Microsoft Windows 10 will allow iOS and Android apps to work on Windows devices

30 Apr 2015

Widows 10 will let iOS and Android apps work on Windows devices

One of the big reveals at Build 2015 was that Microsoft’s forthcoming new operating system, Windows 10, will be able to run reworked Android and iOS apps. Microsoft predicted Windows 10 will run on 1bn devices within three years.

Microsoft harbours ambitions to make Windows 10 a universal platform that will run the full gamut of device sizes and types thanks to a UX that adapts to different screen sizes and an entity called o that allows apps to transition seamlessly between smartphone, tablets and PCs.

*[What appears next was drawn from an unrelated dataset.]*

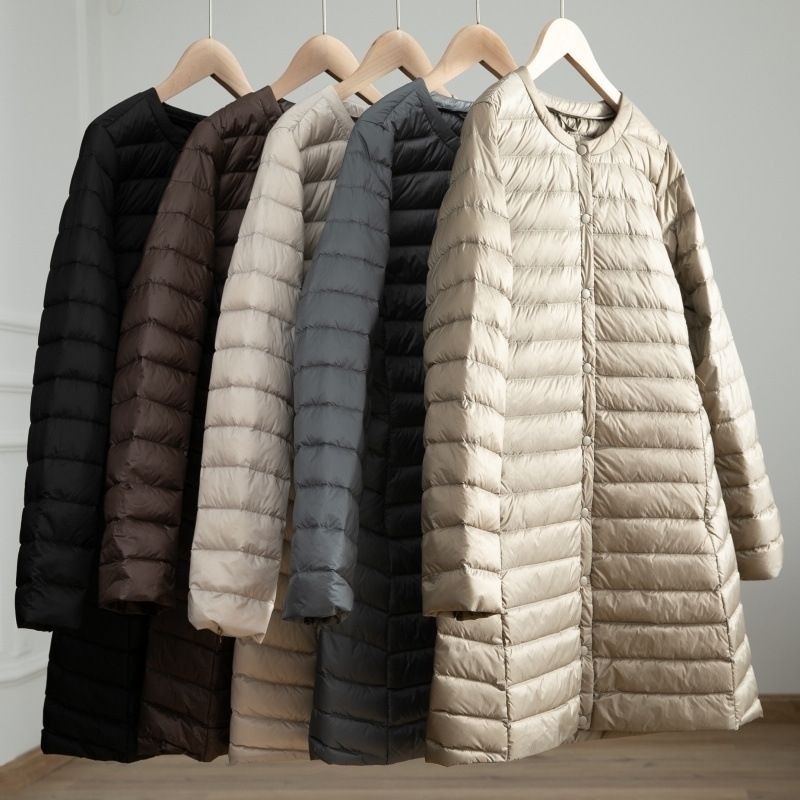 

Women's Light Down Jacket Autumn Winter Long Large Size Round Neck Snap Button Long Sleeve Jacket Warm Coat Lady Soft Outerwear 201120, Beige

A key development, however, was how Microsoft is opening up its new Windows OS to universal apps by enabling iOS and Android developers to port their apps and games directly to Windows.

Microsoft last night released two new software development kits.

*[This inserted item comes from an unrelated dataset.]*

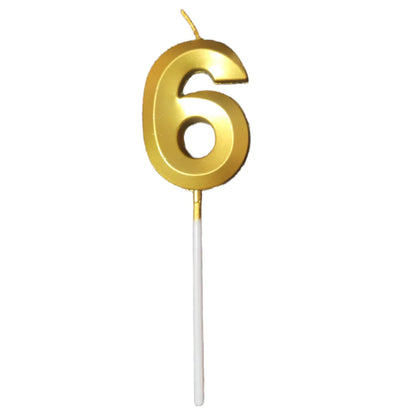 Number Six Candle - Gold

In terms of Android, Microsoft is enabling developers to use Java and C++ code on Windows 10.

iOS developers will be able to take advantage of existing Objective C code.

Windows 10: one OS to rule them all?

“Windows has always embraced a variety of technologies to build apps,” said Terry Myerson, Microsoft’s VP in charge of operating systems. “At Build last year, we detailed our support for open source and popular middleware partners, open sourced .NET, and announced native Cordova support in Visual Studio.

“Today, we announced four new SDKs, enabling developers to start with an existing code base, integrate with the Universal Windows Platform capabilities, and then distribute their new application through the Windows Store to the one billion Windows 10 devices. The code bases enabled by these SDKs are: web sites, .NET and Win32, Android Java/C++ and iOS Objective C.

“Today, we announced that Adobe will bring their Photoshop Elements and Premier Elements apps to the Windows Store, leveraging the new SDK for Win32 applications. We look forward to more of the current 16 million Win32 applications growing their distribution through the Windows Store.

“Today, we also shared that King has already used the Objective C SDK to bring Candy Crush Saga to Windows Phone. The app came to market quickly with very few code modifications, and has earned a 4.5 average rating,” Myerson said.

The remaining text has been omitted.